I’ve been putting the “finishing touches” on my ext2/3 fsck readahead patches for about, oh, 4 weeks now. I finished the proof of concept around 3 or 4 months ago and started over on a nice clean version that has a chance of being merged. That version is up, working, and finishing in about 50% of the time of vanilla fsck on my test file system (running on a big fancy RAID – there’s almost no improvement on a single disk). Certainly, I needed to go back through and get rid of the debugging stuff, search for “XXX – check for failure”, and do a final code review. But that only takes a week, maybe. What I’ve been doing since then is attempting to make fsck no less stable with readahead than without. It’s far more important for fsck to work than for it to work quickly. My ultimate goal is that if the readahead thread has a random segfault, it will clean up after itself perfectly and allow the main fsck thread to continue and finish as though nothing had happened.

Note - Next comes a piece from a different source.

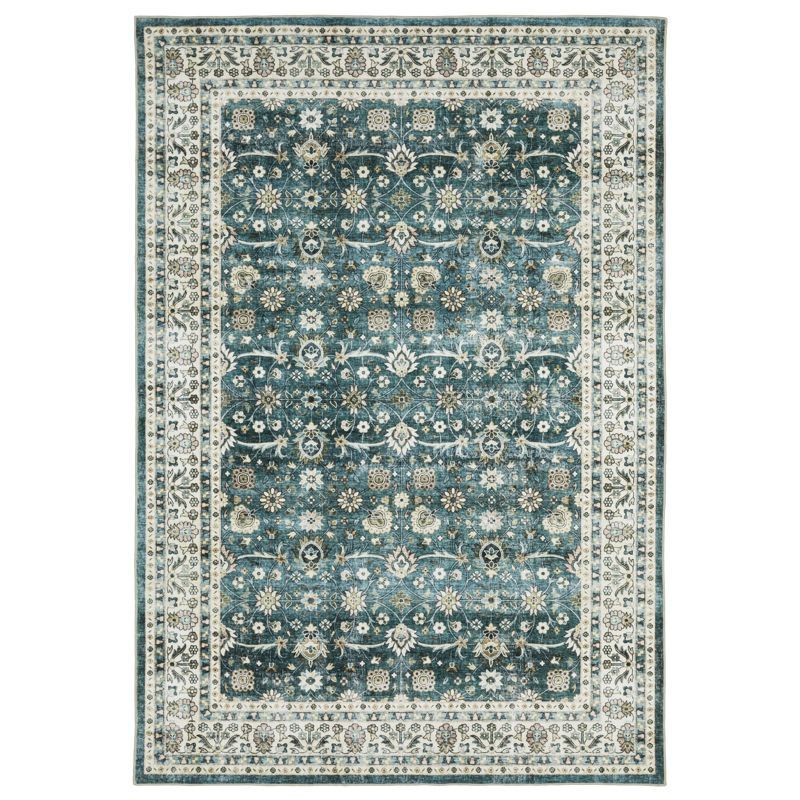 Teal and Ivory Rectangular Washable Wool Area Rug, 5' x 7'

This turns out to be overkill (ha ha) and incredibly annoying to do with pthreads. In the worst case, the readahead thread will need to deallocate memory and possibly (but not always) unlock a mutex. After several hours of reading man pages, the solutions for these problems appear to be:
- Every time you lock a mutex, pthread_cleanup_push/pop a handler that will unlock the mutex.

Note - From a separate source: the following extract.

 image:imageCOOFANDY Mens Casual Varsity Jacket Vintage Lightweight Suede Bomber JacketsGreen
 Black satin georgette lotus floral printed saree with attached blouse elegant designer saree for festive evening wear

- Use the incredibly clumsy and painful pthread key interface to create a faux data-associated cleanup function that frees allocated resources on thread exit.

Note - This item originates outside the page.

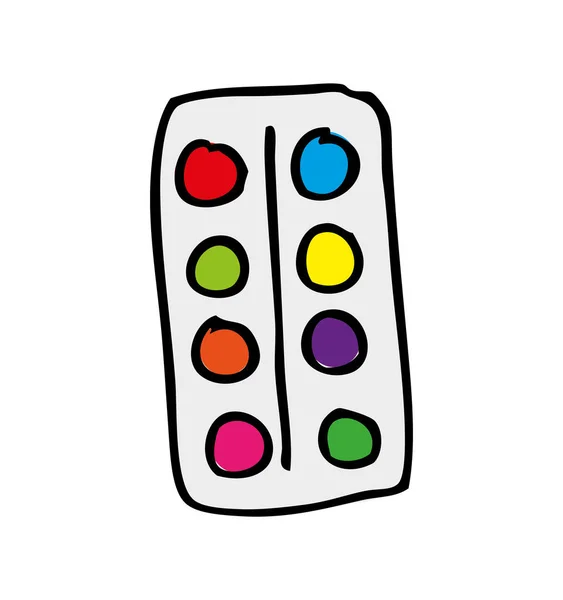 Colores palete aislado icono — Vector de stock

- Catch SIGSEGV and, um, a bunch of other signals and, um, figure out if it came from the readahead thread dying and um…
So I’ve decided that if readahead breaks, then you should rerun fsck without readahead enabled. The readahead thread won’t run at all unless it is explicitly turned on, so it’s not like this will be unfathomable to the user. I’m still making the readahead/main thread interaction as robust as possible, using an explicit test/exit system in exactly the same way as the main fsck thread. The readahead thread shuts down if it detects a bug and the main thread can kill the readahead thread if it no longer wants readahead to keep going.
As for the rest of the possible targets for perfectionism, I’ve decided to just add them to the TODO list and get the damn code out there for review (as soon as I do some performance testing to make sure my perfectionist editing didn’t destroy performance). Die, perfectionism, die!
And of course, I’m expecting a barrage of suggestions for how to robust-ify readahead.